## LISTED RECORDS

++++++++++

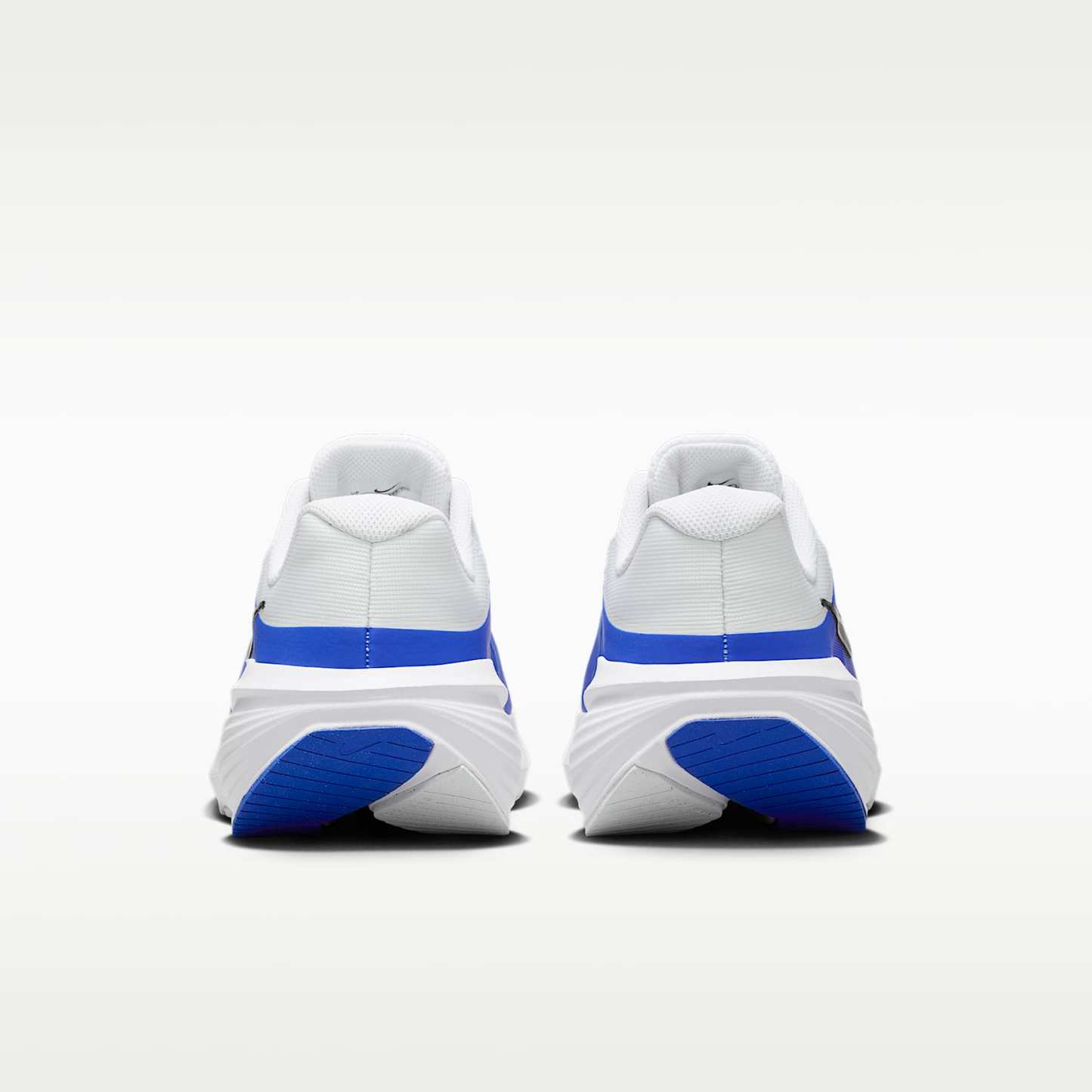 Nike Downshifter 14 Straßenlaufschuh (Herren) – Weiß/Racer Blue/Anthracite/Schwarz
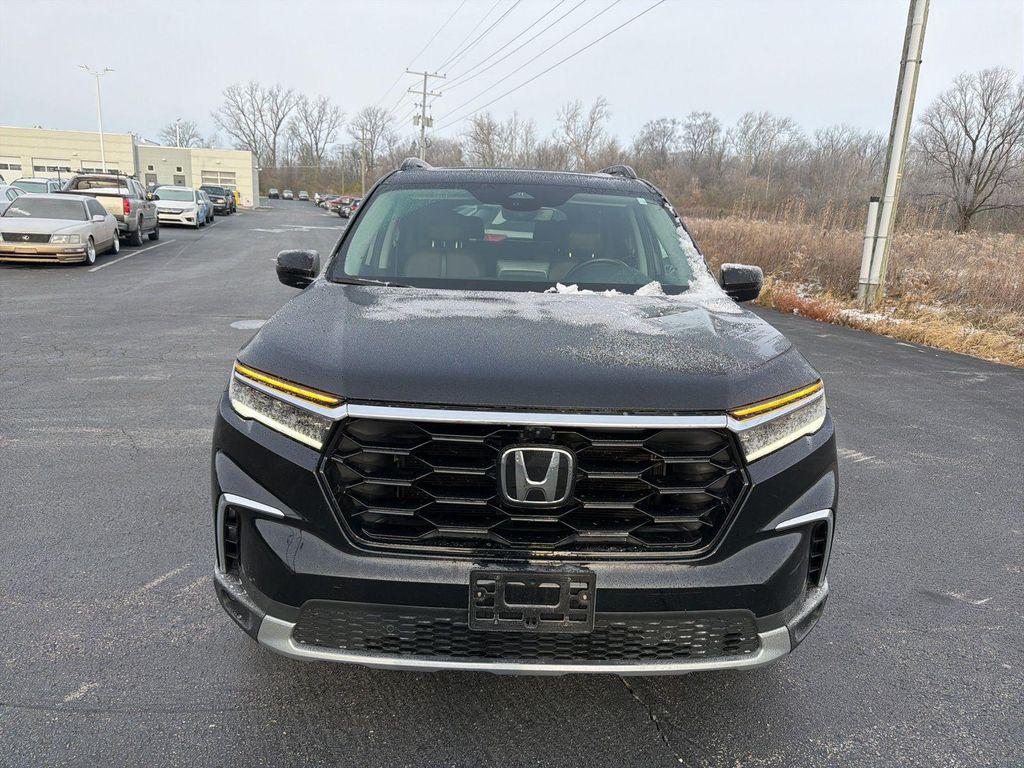 used 2023 Honda Pilot car, priced at $42,400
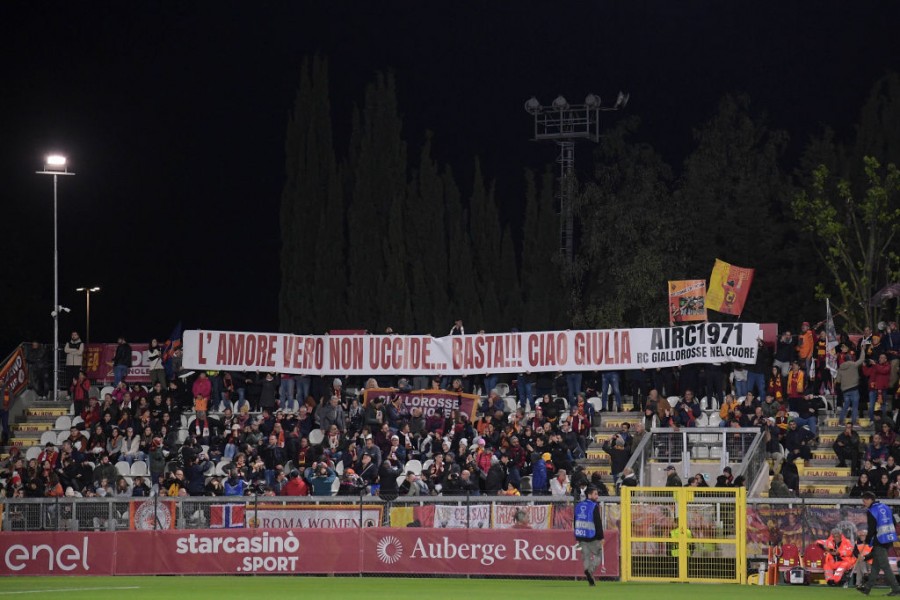 Lo striscione dei tifosi romanisti per Giulia Cecchettin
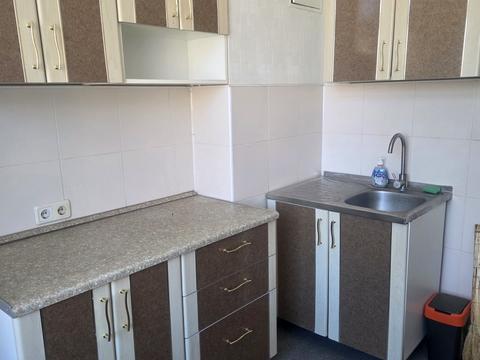 комерційна за адресою Мостова, 4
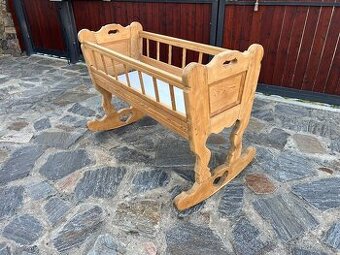 Krásná dubová masivní kolébka na dekoraci - 1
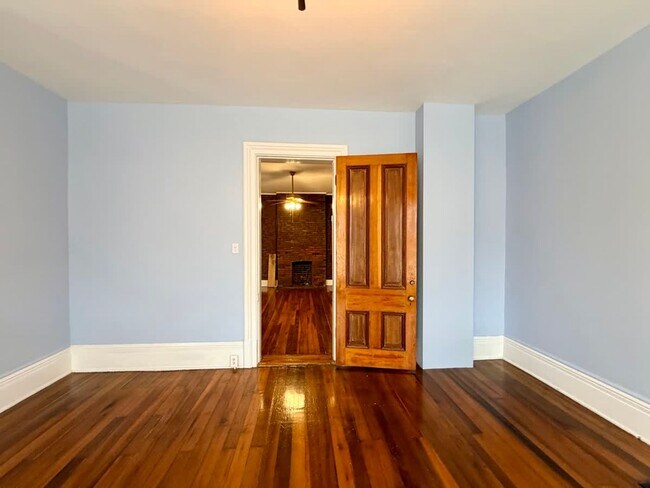 Building Photo - 365 S Upper St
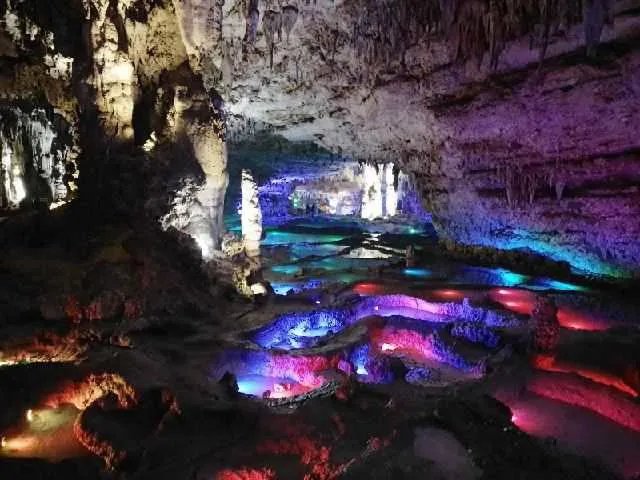 地下喀斯特地貌的溶洞有什么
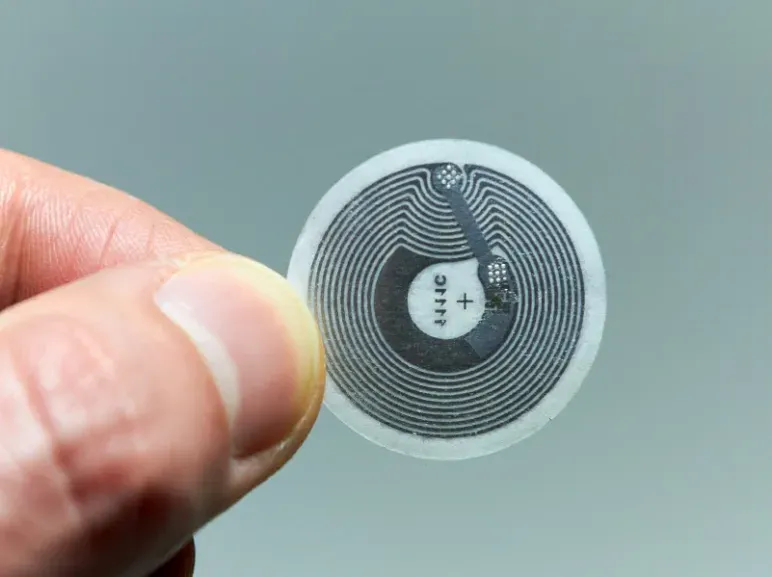 Как да ues стикер NFC?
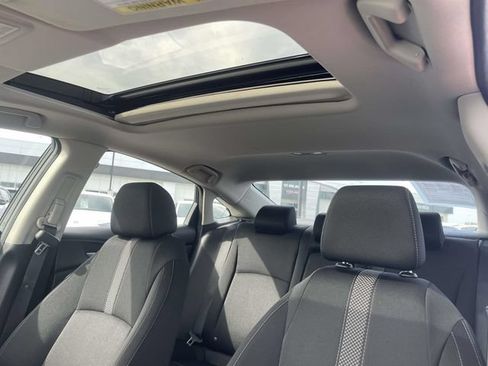 Used 2020 Honda Civic EX image 16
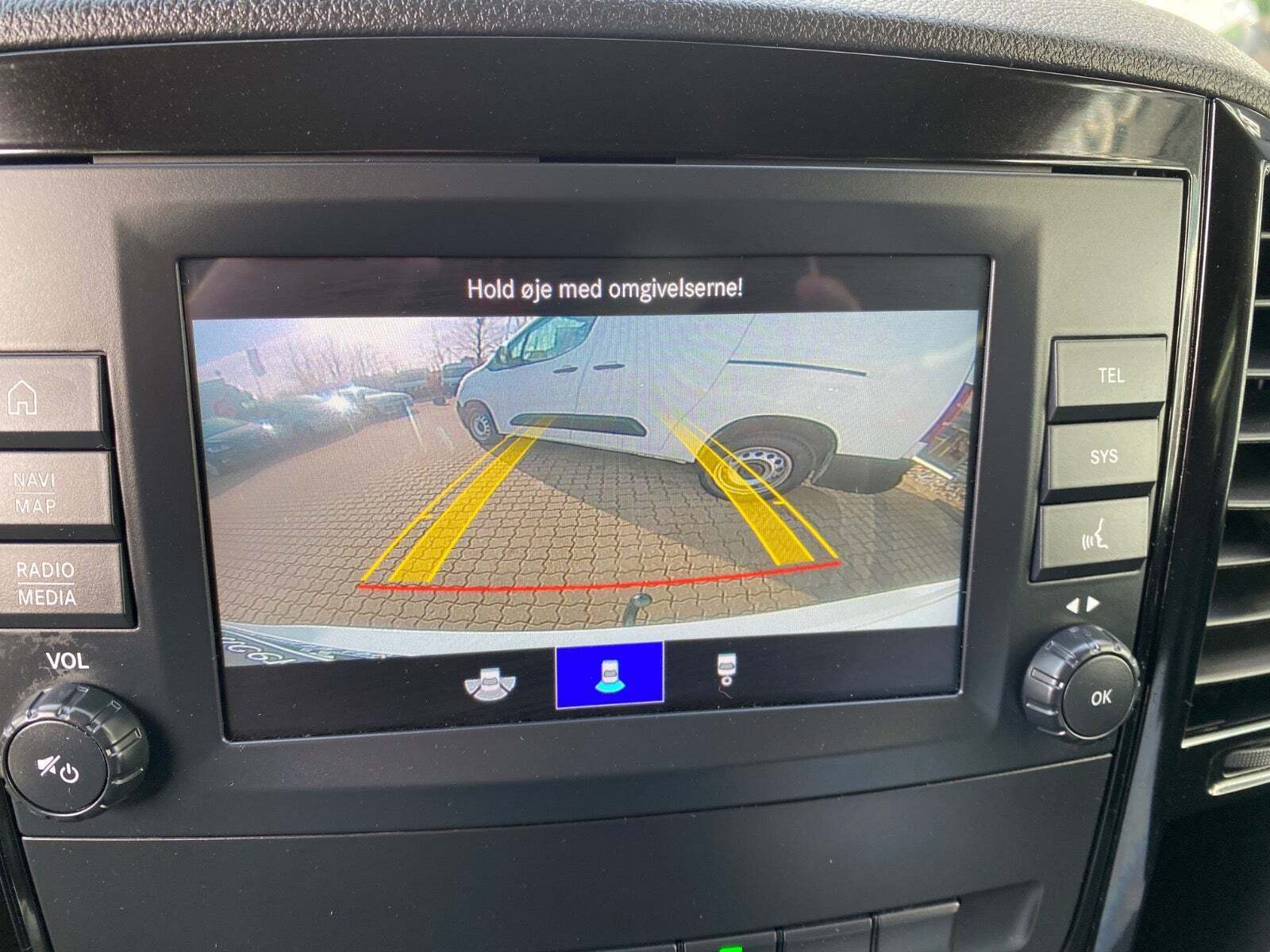 Hvid Mercedes Vito 119 fra 2021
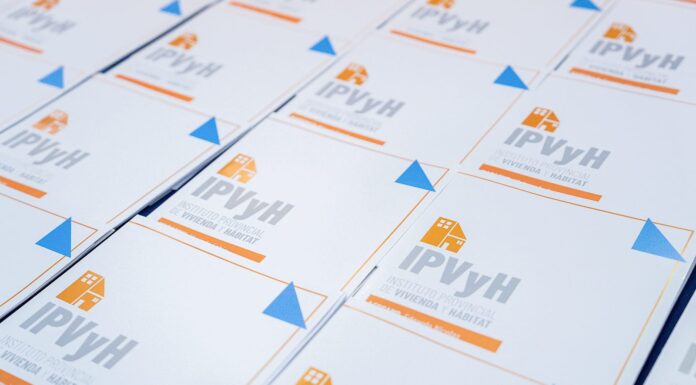 El IPVyH formalizó la entrega de 28 terrenos a trabajadores de salud, educación y seguridad en Río Grande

++++++++++

## YOUR GOAL
The lines to write out are those from the first line of the listing above through the line bearing "Krásná dubová masivní", both included, copied exactly with pictures dropped.

## ANSWER
 Nike Downshifter 14 Straßenlaufschuh (Herren) – Weiß/Racer Blue/Anthracite/Schwarz
 used 2023 Honda Pilot car, priced at $42,400
 Lo striscione dei tifosi romanisti per Giulia Cecchettin
 комерційна за адресою Мостова, 4
 Krásná dubová masivní kolébka na dekoraci - 1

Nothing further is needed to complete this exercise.